In this public talk Glen Coulthard argues that the INM movement marks the beginning of “the fourth cycle of Indigenous peoples’ struggles for land and freedom in Canada since 1969.” The colonial State’s previous attempt to pacify Indigenous struggles (embodied in the 1996 Report of the Royal Commission on Aboriginal Peoples) was a reaction to “the barrage of Indigenous practices of disruptive counter-sovereignty that emerged with increased frequency in the 1980s,” challenging colonial capital’s access to Indigenous resources and culminating in the 78 day stand-off at Kanesatake--one of the largest Canadian military operations since the Korean War.

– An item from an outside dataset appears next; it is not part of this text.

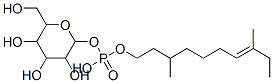 3,8-dimethyldec-7-enyl [3,4,5-trihydroxy-6-(hydroxymethyl)oxan-2-yl] hydrogen phosphate Struktur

Coulthard’s history is of immediate relevance to activists involved in the INM movement and in struggles for decolonization generally. In addition to outlining the deep roots of the movement and its aspirations, Coulthard suggests that previous struggles of Indigenous peoples in Canada have leveraged the most power by “[challenging] these two pillars of colonial sovereignty…the Canadian state’s claim to hold a legitimate monopoly on the use of violence and the conditions required for the ongoing accumulation of capital.”

This talk was delivered at Idle No More’s “Idle? Know More!” event, January 22nd 2013 in Vancouver, Unceded Coast Salish Territories. Video from the entire event is available here.

Also see Coulthard's article "#IdleNoMore in Historical Context."

Dr. Glen Coulthard is a member of the Yellowknives Dene and a scholar of contemporary Indigenous politics. He is an Assistant Professor in First Nations Studies and the Department of Political Science at UBC. He is a founding member of the Camas Books & Infoshop in Victoria and the Dechinta Center for Research and Learning in Yellowknives Dene territory.